Ils ont exposé que la réouverture des débats ordonnée n'était pas motivée, ni n'était fondée. Ils ont ajouté que l'exécution provisoire de la décision n'était pas de droit, l'instance ayant été introduite antérieurement au 1er janvier 2020 (article 55 du décret n°2019-1333 du 11 décembre 2019).
Selon eux, le tribunal avait omis de statuer sur leurs demandes d'arrachage sous astreinte de végétaux et de condamnation des intimés d'une
part au paiement d'une indemnité sur le fondement de l'article 700 du code de procédure civile, d'autre part aux dépens incluant les frais de constat d'huissier de justice.
Ils ont indiqué avoir acquis par acte du 30 septembre 2014 les parcelles cadastrées section A n° [Cadastre 2] et [Cadastre 3], les intimés étant propriétaires des parcelles voisines cadastrées section A n° [Cadastre 7] et [Cadastre 1]. Selon eux, les rhizomes de bambous du fonds voisin proliféreraient sur leur terrain, des branches de plantations débordaient sur leur fonds et des conifères plantés à distance non réglementaire faisaient une ombre excessive et génèrent de l'humidité.

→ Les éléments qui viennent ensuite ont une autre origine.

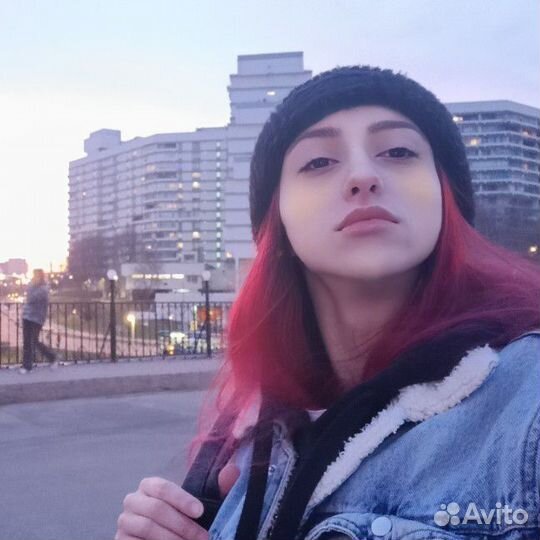 Сборщик, комплектовщик, менеджер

Ils ont soutenu que l'inaction des intimés fondait leur condamnation aux dépens de première instance et d'appel, ainsi qu'au paiement d'une indemnité sur le fondement de l'article 700 du code de procédure civile.
Par conclusions notifiées par voie électronique le 29 juillet 2022, les époux [L] [M] et [X] [I] ont demandé de
'STATUER ce que de droit quant aux demandes de réformation relatives aux chefs du jugement entrepris en ce qu'il a :
- ordonné aux époux [S] de respecter la limite entre leur propriété cadastrée n° A [Cadastre 3] et celle des époux [M] cadastrée section A n° [Cadastre 6] et de matérialiser la limite dans un délai d'un mois suivant la signification du présent jugement sous astreinte de vingt euros (20 €) par jour de retard.
- ordonné aux époux [S] de respecter les dispositions de l'article 667 du Code civil dans l'hypothèse de mitoyenneté dans un délai de deux mois suivant la signification du présent jugement et sous astreinte de cinquante euros (50 €) par jour de retard, si tel est le cas.
- ordonné la réouverture des débats à la première audience de contentieux général du tribunal le 1er avril 2021 sauf à ce que les parties soient remplies en leurs droits.
- Ordonné aux époux [S] de mettre fin dans un délai de deux mois, suivant signification du présent jugement, aux troubles de voisinage et de retirer les palettes, les planches, les différents objets abandonnés le long du grillage séparant les deux propriétés et les objets divers entreposés, sous astreinte de cinquante euros (50 €) par jour de retard.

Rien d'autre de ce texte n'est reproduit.